After the Pacific War and the end of Japanese rule in 1945, Korea was partitioned along the 38th parallel, with the northern half under Soviet control. This cut the line in half between Sariwŏn and Kaep'ung, with the Korean State Railway of the DPRK—initially the Soviet Army—operating trains between P'yŏngyang and Sariwŏn, and the Korean National Railroad of South Korea operating passenger trains between Seoul and T'osŏng (now Kaep'ung). On 31 December 1950 a train consisting of the locomotive "Mate 10" and 25 cars, going from Hanp'o to Munsan, was ordered to stop at Changdan by the US Army and was destroyed. The locomotive is now on display at Imjingak. The end of the Korean War established the current inner-Korean border, after which the North Korean section of the former Kyongŭi Line was split into two separate lines—the P'yŏngŭi Line from P'yŏngyang north to Sinŭiju, and the P'yŏngbu line from P'yŏngyang south to Kaesŏng, P'anmun and the DMZ.

After having been closed since 1948, on 15 June 2000 an inter-Korean Joint Declaration was made, announcing the intention to reconnect the railways between North and South. On 31 July at the ministerial talks it was agreed to reopen the connection between the P'yŏngbu Line and the Gyeongui Line from Kaesŏng to Dorasan through the DMZ. Celebrations marking the reconnection were held on 14 June 2003 in North and South Korea. On 17 May 2007 the first train between North and South crossed the DMZ, carrying invited dignitaries from both sides of the inner-Korean border. The new stations at Sonha and P'anmun were opened at this time. The first scheduled freight train ran on 11 December 2007, carrying construction materials from Munsan in the South to Kaesong, and footwear and clothing on the return trip to the South.

The rebuilt station at Pongdong between Sonha and P'anmun was also opened on this date.
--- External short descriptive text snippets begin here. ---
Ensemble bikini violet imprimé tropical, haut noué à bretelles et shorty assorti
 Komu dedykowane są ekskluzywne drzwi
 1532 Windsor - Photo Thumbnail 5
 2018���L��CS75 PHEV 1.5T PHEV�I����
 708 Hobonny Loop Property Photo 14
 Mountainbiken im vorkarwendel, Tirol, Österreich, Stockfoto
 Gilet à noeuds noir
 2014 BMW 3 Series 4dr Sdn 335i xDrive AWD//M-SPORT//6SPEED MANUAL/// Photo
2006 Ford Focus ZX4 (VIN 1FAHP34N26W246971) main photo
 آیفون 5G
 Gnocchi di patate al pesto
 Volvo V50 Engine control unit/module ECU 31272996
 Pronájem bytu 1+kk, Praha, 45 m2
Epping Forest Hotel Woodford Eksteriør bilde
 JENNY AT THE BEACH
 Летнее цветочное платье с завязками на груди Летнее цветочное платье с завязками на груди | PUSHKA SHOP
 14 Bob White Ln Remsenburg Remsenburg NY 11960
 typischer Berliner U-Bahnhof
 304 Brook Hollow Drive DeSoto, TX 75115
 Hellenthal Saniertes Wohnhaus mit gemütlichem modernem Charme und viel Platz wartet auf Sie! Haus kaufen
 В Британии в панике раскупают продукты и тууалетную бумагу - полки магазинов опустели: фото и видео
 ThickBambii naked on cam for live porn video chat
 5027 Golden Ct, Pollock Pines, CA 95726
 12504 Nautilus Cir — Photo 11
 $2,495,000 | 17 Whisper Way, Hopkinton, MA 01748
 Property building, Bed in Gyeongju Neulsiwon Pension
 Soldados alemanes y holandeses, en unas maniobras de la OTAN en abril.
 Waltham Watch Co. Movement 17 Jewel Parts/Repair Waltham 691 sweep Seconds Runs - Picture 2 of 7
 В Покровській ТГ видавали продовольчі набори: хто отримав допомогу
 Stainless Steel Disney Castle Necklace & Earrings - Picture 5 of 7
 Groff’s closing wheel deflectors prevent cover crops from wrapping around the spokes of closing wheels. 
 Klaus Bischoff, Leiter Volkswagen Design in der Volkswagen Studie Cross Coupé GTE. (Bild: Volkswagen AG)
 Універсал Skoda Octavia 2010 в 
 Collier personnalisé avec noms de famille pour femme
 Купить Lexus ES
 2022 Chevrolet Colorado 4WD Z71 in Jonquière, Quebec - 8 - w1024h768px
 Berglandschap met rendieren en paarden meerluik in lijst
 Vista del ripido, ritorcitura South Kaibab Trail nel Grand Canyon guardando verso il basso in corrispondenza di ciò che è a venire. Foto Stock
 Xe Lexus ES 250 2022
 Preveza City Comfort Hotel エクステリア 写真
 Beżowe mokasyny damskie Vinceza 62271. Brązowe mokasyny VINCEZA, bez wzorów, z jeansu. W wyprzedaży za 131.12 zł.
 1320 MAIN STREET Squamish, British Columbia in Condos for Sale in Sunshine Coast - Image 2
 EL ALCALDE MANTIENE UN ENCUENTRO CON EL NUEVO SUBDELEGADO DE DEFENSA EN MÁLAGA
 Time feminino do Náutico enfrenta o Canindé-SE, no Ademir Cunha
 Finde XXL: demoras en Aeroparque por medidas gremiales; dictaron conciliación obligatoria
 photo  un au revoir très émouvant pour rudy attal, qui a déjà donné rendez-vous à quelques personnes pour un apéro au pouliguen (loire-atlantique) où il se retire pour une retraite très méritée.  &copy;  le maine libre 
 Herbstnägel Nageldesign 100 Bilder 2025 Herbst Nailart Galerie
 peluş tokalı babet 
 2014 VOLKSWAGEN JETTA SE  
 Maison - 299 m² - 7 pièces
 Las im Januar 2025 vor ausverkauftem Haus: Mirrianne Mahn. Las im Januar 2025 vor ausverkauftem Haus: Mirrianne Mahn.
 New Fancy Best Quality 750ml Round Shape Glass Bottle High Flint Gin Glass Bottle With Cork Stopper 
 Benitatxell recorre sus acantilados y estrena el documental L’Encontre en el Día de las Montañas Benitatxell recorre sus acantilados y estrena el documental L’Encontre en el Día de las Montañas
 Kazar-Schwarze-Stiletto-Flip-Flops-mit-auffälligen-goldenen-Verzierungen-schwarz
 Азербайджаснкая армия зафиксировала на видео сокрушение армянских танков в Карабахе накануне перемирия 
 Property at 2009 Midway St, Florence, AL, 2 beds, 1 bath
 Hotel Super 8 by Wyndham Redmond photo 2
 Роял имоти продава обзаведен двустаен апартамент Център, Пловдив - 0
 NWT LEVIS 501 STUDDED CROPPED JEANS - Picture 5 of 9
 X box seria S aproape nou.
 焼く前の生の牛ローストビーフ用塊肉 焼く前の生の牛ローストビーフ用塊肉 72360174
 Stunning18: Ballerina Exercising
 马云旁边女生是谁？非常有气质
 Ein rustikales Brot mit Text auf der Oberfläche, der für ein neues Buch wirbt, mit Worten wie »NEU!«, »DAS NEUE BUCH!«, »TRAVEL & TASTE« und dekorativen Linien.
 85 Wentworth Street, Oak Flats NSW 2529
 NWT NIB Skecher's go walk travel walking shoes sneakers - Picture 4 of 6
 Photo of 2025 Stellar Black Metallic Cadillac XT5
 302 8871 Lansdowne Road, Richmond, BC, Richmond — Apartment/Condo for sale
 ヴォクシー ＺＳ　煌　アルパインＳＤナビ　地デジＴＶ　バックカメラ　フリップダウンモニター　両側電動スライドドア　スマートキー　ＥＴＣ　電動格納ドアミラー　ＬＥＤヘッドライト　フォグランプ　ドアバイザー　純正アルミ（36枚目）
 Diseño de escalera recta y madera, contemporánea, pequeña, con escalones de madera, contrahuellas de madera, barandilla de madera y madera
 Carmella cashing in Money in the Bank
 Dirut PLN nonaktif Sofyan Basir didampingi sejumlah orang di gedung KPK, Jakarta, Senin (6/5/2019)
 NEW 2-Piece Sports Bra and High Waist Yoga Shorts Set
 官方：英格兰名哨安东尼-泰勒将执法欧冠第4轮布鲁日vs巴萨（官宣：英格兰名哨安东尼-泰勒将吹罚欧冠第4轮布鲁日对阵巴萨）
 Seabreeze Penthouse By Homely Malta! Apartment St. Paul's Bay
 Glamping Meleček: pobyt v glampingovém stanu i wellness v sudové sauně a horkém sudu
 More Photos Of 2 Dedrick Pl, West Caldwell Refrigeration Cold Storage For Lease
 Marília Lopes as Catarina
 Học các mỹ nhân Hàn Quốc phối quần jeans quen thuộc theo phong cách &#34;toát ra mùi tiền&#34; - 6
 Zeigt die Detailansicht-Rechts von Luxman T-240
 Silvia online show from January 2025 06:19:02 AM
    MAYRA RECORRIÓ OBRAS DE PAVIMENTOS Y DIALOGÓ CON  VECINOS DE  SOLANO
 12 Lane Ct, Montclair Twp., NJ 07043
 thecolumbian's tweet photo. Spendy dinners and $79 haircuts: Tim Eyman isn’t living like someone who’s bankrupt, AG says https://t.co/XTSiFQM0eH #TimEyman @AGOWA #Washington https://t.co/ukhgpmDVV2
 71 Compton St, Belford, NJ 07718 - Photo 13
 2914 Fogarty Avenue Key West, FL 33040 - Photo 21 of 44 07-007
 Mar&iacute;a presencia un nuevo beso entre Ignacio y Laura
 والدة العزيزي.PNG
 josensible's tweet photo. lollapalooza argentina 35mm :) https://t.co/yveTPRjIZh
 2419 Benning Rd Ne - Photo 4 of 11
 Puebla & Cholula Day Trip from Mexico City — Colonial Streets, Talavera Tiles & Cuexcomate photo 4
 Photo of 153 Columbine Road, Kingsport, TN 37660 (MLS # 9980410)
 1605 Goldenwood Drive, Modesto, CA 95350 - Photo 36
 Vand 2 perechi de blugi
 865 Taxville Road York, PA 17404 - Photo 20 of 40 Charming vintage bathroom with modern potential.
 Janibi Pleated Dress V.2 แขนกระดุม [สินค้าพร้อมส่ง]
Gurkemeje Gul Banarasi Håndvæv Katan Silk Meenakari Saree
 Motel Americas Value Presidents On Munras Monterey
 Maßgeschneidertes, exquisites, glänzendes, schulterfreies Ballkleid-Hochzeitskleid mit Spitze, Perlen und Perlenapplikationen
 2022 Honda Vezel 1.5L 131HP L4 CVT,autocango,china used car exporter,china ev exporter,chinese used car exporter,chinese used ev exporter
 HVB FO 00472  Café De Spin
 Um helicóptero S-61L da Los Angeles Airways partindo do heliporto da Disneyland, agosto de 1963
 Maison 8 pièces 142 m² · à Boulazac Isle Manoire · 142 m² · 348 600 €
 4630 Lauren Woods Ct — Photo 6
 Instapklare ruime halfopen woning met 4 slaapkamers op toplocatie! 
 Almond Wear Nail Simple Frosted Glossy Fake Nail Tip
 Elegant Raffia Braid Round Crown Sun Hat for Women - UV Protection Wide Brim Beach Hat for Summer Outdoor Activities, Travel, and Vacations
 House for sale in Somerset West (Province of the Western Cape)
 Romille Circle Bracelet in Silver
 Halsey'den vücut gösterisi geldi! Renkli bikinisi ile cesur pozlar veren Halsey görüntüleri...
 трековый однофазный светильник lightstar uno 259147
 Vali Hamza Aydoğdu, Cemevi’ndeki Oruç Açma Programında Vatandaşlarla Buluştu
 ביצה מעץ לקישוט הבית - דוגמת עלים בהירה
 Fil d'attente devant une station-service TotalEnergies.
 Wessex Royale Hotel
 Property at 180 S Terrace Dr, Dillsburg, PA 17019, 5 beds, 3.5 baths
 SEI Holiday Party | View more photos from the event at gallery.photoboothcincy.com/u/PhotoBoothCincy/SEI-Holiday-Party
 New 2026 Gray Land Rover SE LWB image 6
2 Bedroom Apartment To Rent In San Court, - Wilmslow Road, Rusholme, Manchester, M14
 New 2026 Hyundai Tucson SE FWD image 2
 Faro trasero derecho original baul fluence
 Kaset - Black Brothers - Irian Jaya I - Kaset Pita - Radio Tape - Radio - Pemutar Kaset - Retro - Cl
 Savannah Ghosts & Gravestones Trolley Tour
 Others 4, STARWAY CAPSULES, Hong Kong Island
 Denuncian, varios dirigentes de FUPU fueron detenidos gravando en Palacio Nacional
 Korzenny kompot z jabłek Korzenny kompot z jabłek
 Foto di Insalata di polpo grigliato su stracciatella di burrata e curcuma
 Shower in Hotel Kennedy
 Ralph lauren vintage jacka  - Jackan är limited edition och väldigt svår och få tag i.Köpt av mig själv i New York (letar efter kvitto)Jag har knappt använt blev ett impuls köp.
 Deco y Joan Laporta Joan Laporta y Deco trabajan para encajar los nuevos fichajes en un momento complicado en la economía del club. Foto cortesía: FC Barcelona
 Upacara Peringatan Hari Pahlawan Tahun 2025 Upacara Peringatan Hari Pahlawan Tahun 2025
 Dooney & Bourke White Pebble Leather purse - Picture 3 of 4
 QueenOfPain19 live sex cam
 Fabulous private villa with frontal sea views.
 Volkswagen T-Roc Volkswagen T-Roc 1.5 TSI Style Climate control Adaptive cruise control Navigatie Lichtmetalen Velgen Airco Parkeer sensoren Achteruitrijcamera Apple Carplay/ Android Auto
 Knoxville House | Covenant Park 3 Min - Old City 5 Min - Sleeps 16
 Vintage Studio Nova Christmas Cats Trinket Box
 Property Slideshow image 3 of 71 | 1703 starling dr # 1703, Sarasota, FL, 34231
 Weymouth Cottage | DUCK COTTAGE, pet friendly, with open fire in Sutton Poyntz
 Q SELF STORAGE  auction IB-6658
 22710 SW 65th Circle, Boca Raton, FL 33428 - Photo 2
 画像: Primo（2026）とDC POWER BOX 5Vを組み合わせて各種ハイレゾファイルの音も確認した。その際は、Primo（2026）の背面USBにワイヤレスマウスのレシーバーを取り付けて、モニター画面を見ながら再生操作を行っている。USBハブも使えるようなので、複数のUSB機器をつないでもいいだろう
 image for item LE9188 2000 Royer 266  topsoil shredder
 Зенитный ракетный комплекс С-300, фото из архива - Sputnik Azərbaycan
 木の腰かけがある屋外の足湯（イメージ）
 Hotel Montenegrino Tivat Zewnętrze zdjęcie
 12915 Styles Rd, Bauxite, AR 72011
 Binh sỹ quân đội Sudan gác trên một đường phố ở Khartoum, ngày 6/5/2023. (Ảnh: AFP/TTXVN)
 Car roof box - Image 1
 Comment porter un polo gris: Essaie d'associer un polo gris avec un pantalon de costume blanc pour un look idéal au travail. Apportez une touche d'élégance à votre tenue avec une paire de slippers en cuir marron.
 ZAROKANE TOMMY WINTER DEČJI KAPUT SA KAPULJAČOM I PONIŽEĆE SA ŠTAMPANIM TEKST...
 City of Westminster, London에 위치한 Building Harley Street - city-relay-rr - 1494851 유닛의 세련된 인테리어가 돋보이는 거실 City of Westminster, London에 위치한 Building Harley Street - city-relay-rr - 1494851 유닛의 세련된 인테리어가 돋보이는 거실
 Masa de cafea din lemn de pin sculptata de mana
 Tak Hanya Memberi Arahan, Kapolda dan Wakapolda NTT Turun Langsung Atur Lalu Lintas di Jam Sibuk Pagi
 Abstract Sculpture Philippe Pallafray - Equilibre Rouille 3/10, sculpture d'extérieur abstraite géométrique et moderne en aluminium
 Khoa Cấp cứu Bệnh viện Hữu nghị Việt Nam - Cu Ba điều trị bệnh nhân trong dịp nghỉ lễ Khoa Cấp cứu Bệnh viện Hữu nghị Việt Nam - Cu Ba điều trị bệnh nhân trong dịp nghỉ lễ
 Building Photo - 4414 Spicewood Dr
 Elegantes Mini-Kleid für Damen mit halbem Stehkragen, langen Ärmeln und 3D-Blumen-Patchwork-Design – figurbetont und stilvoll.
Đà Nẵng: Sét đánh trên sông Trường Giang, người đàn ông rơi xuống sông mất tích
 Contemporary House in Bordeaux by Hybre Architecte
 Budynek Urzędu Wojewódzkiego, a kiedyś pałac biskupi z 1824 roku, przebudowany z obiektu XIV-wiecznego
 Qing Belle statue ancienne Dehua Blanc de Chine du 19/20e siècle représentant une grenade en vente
From then on, freight trains from the south to the Kaesŏng Industrial District were operated until 28 November 2008, when the North temporarily closed the line due to changes in the political situation. On 25 August 2009 it was closed once again, subsequently reopening on 1 December of that year. Tensions between North and South escalated again in 2013, leading to the closure of the border again on 4 May of that year, remaining closed until 16 September when it was reopened. As of 10 February 2016 the border crossing is once again closed.

== Services ==
===Freight===

Freight forwarded on the line is greatly dependent on the direction of movement. Between Taedonggang and Hwangju, southbound freight traffic is 1.8 to 2 times greater than northbound, between Sariwŏn and P'yŏngsan, 56% of freight traffic is northbound, slightly higher than southbound.

Sariwŏn Ch'ŏngnyŏn station is the most important in freight traffic, having a large, automated freight sorting yard. Important freight yards are also in Chunghwa, Hwangju, P'yŏngsan, Sŏhŭng and Kaesŏng. Major commodities arriving at Sariwŏn include anthracite, fertilizer, steel, logs, stone, sand, and gravel. Freight arriving to Kaesŏng includes anthracite, wood, fertilizer, salt, steel, and cement, while outbound shipments from Kaesŏng are made up of granite and iron ore towards the north, and (when the border crossing is open) clothing, footwear and other products from the Kaesong Industrial Complex.

The P'yŏngbu Line serves important industries such as the Hwanghae Iron & Steel Complex, the February 8 Cement Complex, the Sariwŏn Textile Factory, the Haeju Industrial Zone via the Hwanghae Ch'ŏngnyŏn Line, as well as several mines, quarries, and other small- and medium-sized industries in South Hwanghae province. Further, as it runs through one of North Korea's most important agricultural areas, grain, fertiliser, pesticides and agricultural machinery make up a large part of freight moved on the line.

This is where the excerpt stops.